Promoting Accountability through Ethical Standards in Conflict-Affected States: the Liberian Civil Service
This report describes the effect that ethical codes can have in fostering accountability in the work of civil servants and the public administration. While this effect is relatively well documented in peaceful and well-off countries, the FBA has been able to find relatively few studies outlining the effect of civil service ethical management in fragile and conflict-affected settings such as Liberia.
Arguments in favour of ethical approaches are particularly strong in fragile settings. Conflict erodes trust in the state and the capacity of the civil service. By being seen to adopt an ethical approach and deliver goods and services to citizens in an accountable manner, the civil service can help to reverse this dynamic and build state legitimacy. However, the preconditions for civil service reform in such settings are among the most challenging imaginable.

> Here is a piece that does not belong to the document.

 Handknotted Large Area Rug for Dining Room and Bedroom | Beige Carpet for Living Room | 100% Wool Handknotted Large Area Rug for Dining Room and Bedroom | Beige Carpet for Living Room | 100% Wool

The report analyses ethical management in Liberia using the “ethics infrastructure” framework developed by the Organization for Economic Cooperation and Development (OECD). It builds on insights gained in the course of 8 years of partnership with key Liberian state agencies and civil society organizations in setting out significant progress made to date and remaining obstacles.
The recommendations in this report are primarily addressed to the Government of Liberia and the leadership of the country’s civil service. However the report is also aimed at development and peacebuilding practitioners and policymakers, with a view to contributing to evolving understandings of how the rule of law can be promoted in support of peacebuilding and sustainable development in fragile settings.